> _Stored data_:

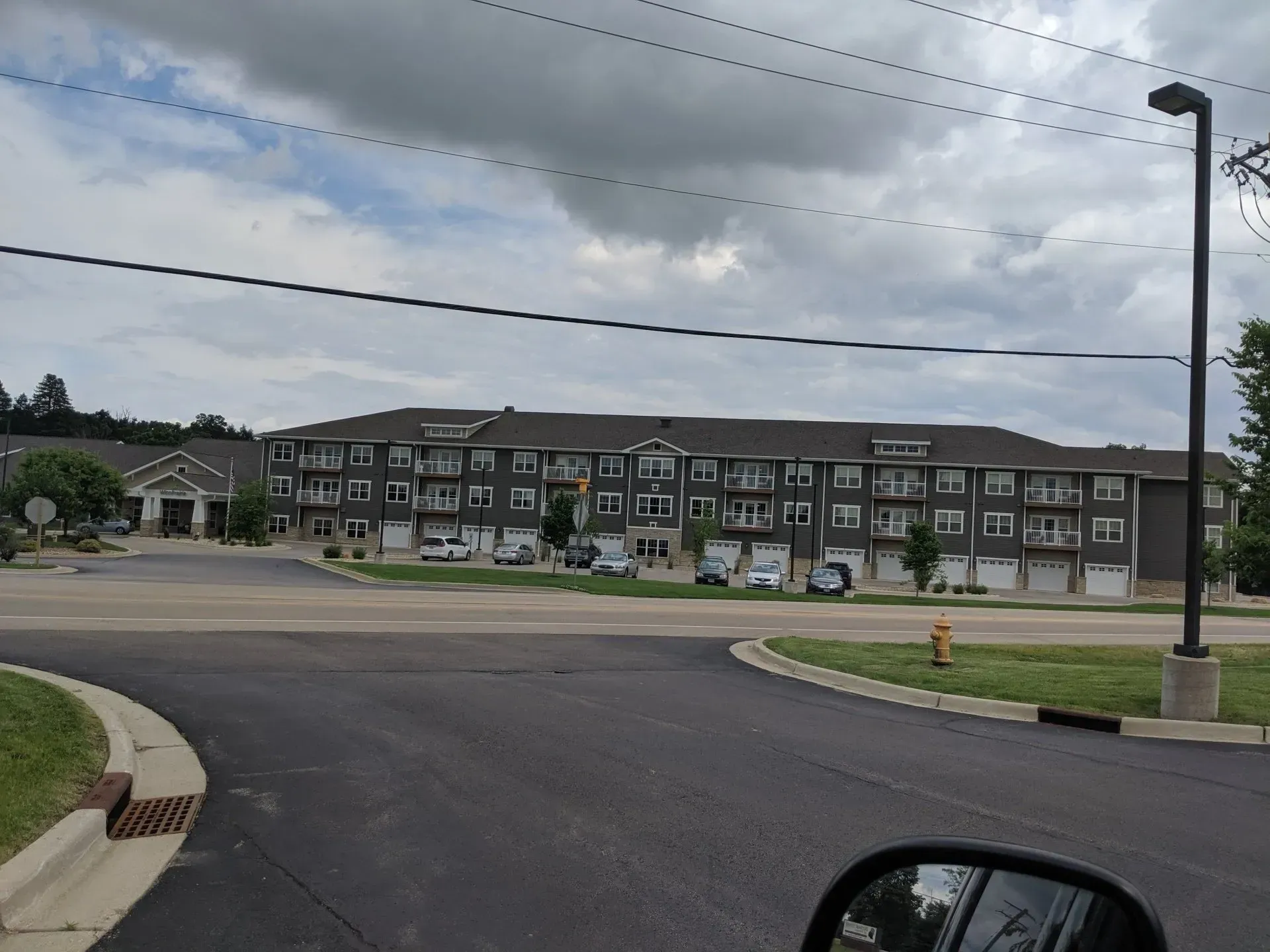 Multi-story apartment building with dark gray siding, cloudy sky.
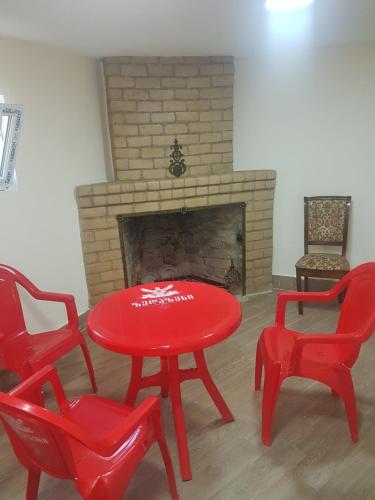 a red table and chairs in front of a fireplace at Green Palma in Kutaisi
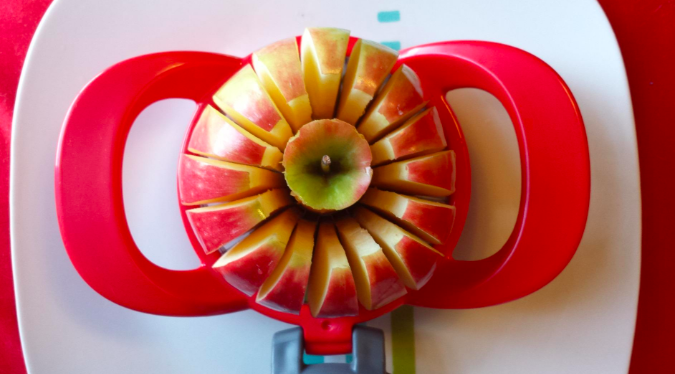 A picture of an apple being neatly cut into 16 uniform slices using the apple cutter.
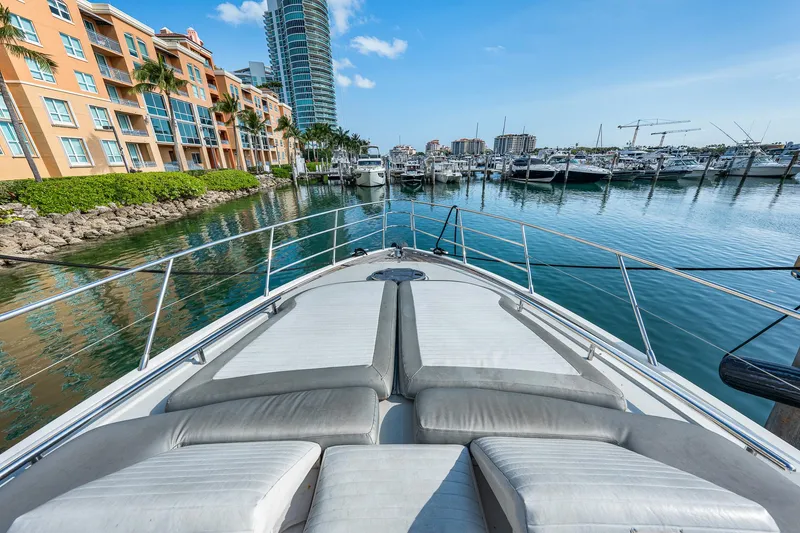 Slide: The Image of Azimut 62S yacht bow view in marina, 2007 model, with waterfront buildings and boats. - 37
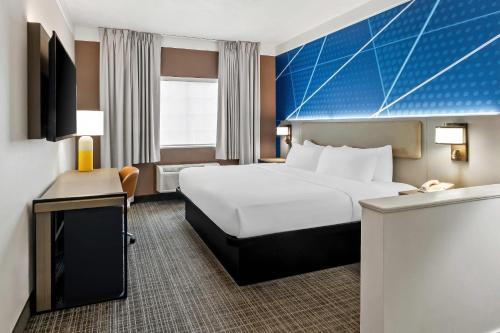 a hotel room with a bed and a desk at Comfort Suites Clackamas in Clackamas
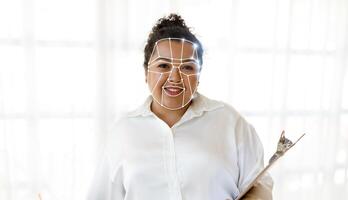 A woman smiles while displaying facial recognition software on her face, highlighting modern technology's role in identification. This reflects the evolving nature of security in everyday life. photo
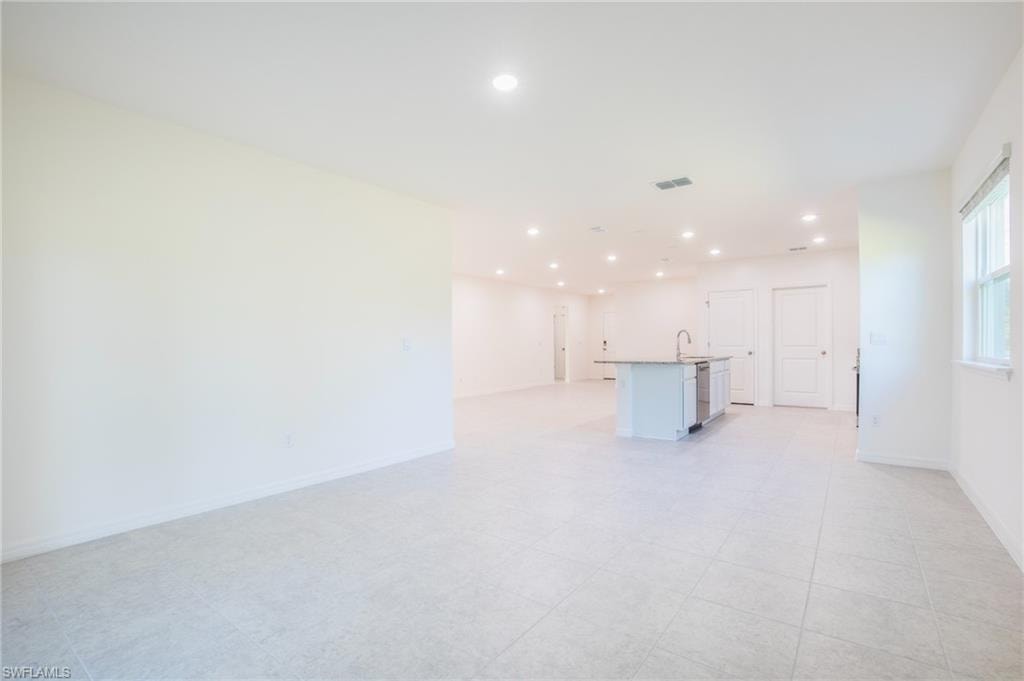 Unfurnished living room with recessed lighting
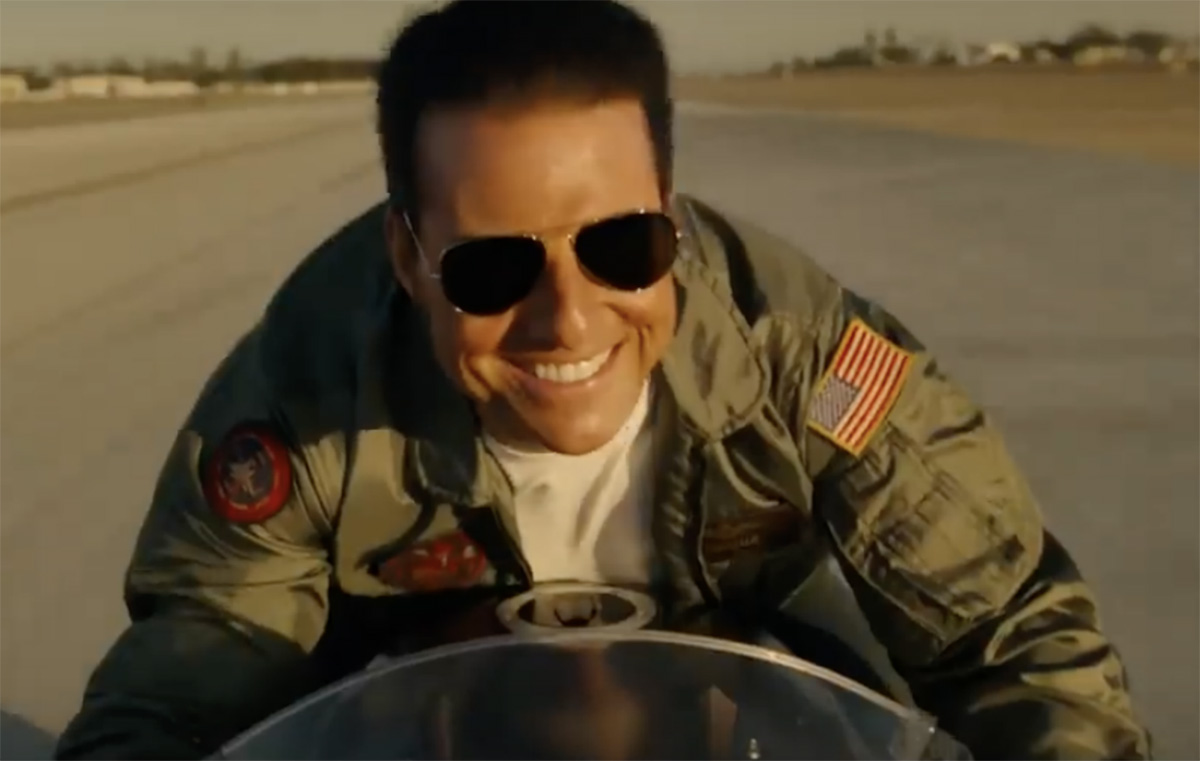 Foto close-up Tom Cruise sedang mengendarai sepeda motor sambil tersenyum.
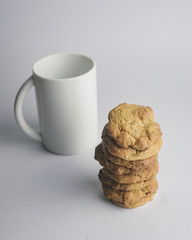 Cookies stack and white mug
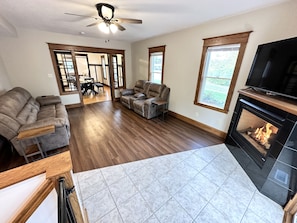 Smart TV, fireplace, books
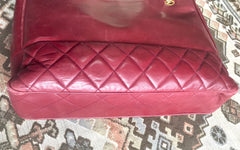 Vintage CHANEL wine leather tote bag with gold chain handles and CC motif charm. Classic purse.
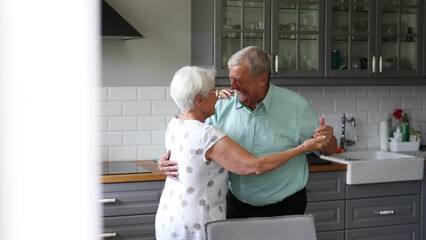 Wall Mural - Senior Couple Dancing in their Kitchen
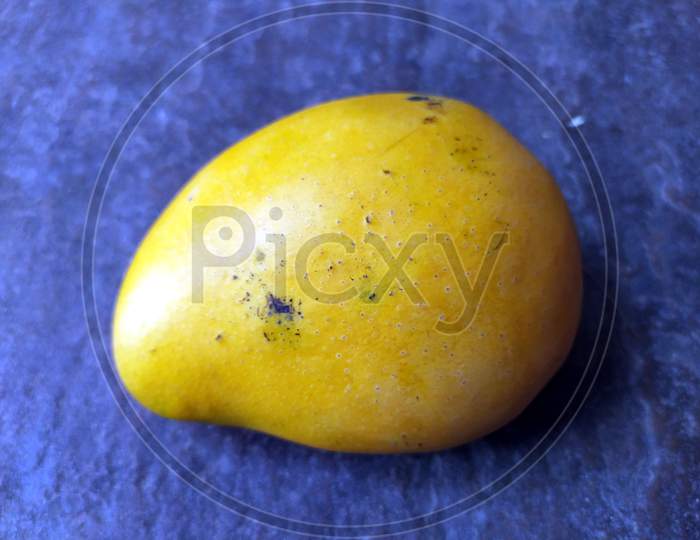 fresh sweet yellow mango isolated on stone background
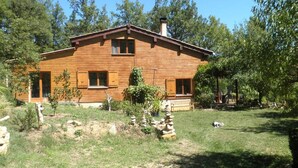 A wooden cabin with a sloped roof, a chimney, and a small porch with a bench.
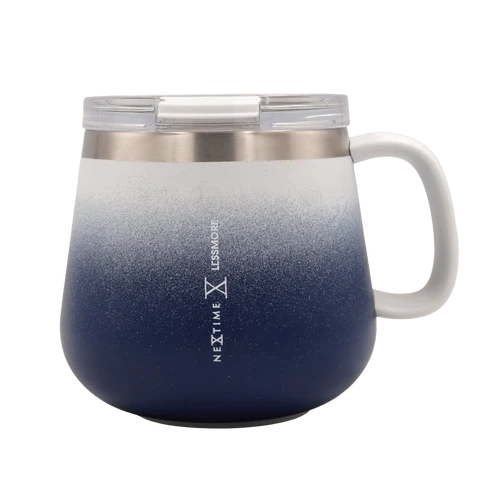A Next Level Less More insulated tumbler with a handle, featuring a white-to-dark-blue gradient body, a stainless steel rim, and a clear lid, shown on a white background.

> _What the task requires_: Line by line, retype the records above exactly, minus the images.

> _Output for this task_:
 Multi-story apartment building with dark gray siding, cloudy sky.
 a red table and chairs in front of a fireplace at Green Palma in Kutaisi
 A picture of an apple being neatly cut into 16 uniform slices using the apple cutter.
 Slide: The Image of Azimut 62S yacht bow view in marina, 2007 model, with waterfront buildings and boats. - 37
 a hotel room with a bed and a desk at Comfort Suites Clackamas in Clackamas
 A woman smiles while displaying facial recognition software on her face, highlighting modern technology's role in identification. This reflects the evolving nature of security in everyday life. photo
 Unfurnished living room with recessed lighting
 Foto close-up Tom Cruise sedang mengendarai sepeda motor sambil tersenyum.
 Cookies stack and white mug
 Smart TV, fireplace, books
 Vintage CHANEL wine leather tote bag with gold chain handles and CC motif charm. Classic purse.
 Wall Mural - Senior Couple Dancing in their Kitchen
 fresh sweet yellow mango isolated on stone background
 A wooden cabin with a sloped roof, a chimney, and a small porch with a bench.
A Next Level Less More insulated tumbler with a handle, featuring a white-to-dark-blue gradient body, a stainless steel rim, and a clear lid, shown on a white background.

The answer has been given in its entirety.